L’intento dei Coen di omaggiare Bob Dylan è evidente fin dal manifesto del film, che costituisce una sorta di citazione della copertina di Freewheelin’ (1963), secondo album di Bob Dylan e primo contenente solo sue composizioni. In entrambi campeggia un giovane uomo scapigliato che si stringe nella sua giacca sportiva a causa del freddo tagliente; tuttavia, mentre Bob avanza abbracciato a una ragazza, Oscar Isaac ha una custodia di chitarra in una mano e nell’altra un gatto. La scelta di ambientare la storia nel 1961 non è quindi casuale: è infatti proprio questo l’anno in cui, per la prima volta, Bob Dylan si esibisce in pubblico; da lì a qualche tempo si produrrà una marcata frattura tra il cantante, diventato una popstar, e il movimento politico-artistico folk tradizionale.
Lo stile scelto dai Coen per raccontare la storia è senza dubbio spiccatamente filologico; dal punto di vista musicale sono state molteplici le esecuzioni integrali, eseguite dal vivo, che hanno impegnato i principali interpreti.
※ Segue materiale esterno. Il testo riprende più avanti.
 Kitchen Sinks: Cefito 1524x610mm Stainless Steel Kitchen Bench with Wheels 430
La canzone più celebre presente nel film è 500 miles, portata al successo dal trio Peter Paul and Mary.
L’essenza del film è probabilmente racchiusa nella scena in cui Davis, su un palco in penombra, “vestito” solo della sua chitarra (e a un certo punto nemmeno più da essa), intona una toccante ballata. La potenza emotiva di questo momento è “spezzata” dalla reazione dell’impresario presente che lo gela dicendo «non si fanno soldi con quella roba». In questa rasoiata al vetriolo è racchiuso il punto di vista dei Coen sull’ arte e sull’industria.
Hang me, oh hang me, canta Davis. Ho girato tutto il mondo. Sono salito su una montagna e lì ho fatto resistenza. Ma ora mi impiccheranno. Il musicista simboleggia qui il popolo ebraico, destinato a peregrinare, privato delle sue radici. Così come gli ebrei furono costretti a vagare nel deserto, lui è un vagabondo al Greenwich Village, confinato in una ciclicità perpetua, un po’ come l’umanità tout court, secondo la pessimistica concezione dei fratelli Coen.
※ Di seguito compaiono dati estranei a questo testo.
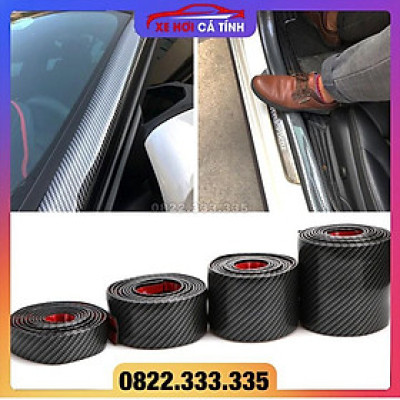 2.5m Miếng dán bảo vệ chống trầy trang trí nội thất ngoại thất ô tô xe máy 3D carbon viền bạc - rộng 5 cm / 7 cm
Fortemente simbolico è inoltre il ruolo del gatto nella storia; l’animale incarna infatti libertà e indipendenza, il “tesoro” a cui Davis non può rinunciare. Così, quando la strada del musicista si dividerà da quella del felino, il momento sancirà una specie di distacco dallo spirito guida, da colui che «mostra la Via», secondo la cultura animista dei monaci Zen.
Nel film, gli anni ’60 hanno i colori spenti del grigio e dell’ocra; la fotografia di Bruno Delbonnel è superba, caratterizzandosi per il taglio delle inquadrature e gli accostamenti cromatici (grigi caldi con toni aranciati o azzurri polverosi). Il tutto contribuisce a creare, a dispetto di una città ostile, chiusa e gelida nel senso letterale del termine, un’atmosfera di intimità con il protagonista. A tal proposito, merita di essere citato Oscar Isaac, attore teatrale al suo primo ruolo importante al cinema, assolutamente convincente ed espressivo nel calarsi nella storia, alla cui credibilità ha contribuito anche in considerazione del fatto che è, tra le altre cose, anche un ottimo cantante.
A proposito di Davis è quindi un film assolutamente vedere; in proposito hanno scritto: «è in conclusione una celebrazione della musica, una celebrazione del cinema. Una ballata folk circolare che si morde la coda. Poetico, struggente, distruttivo, profondamente malinconico. I fratelli Coen sono finalmente tornati».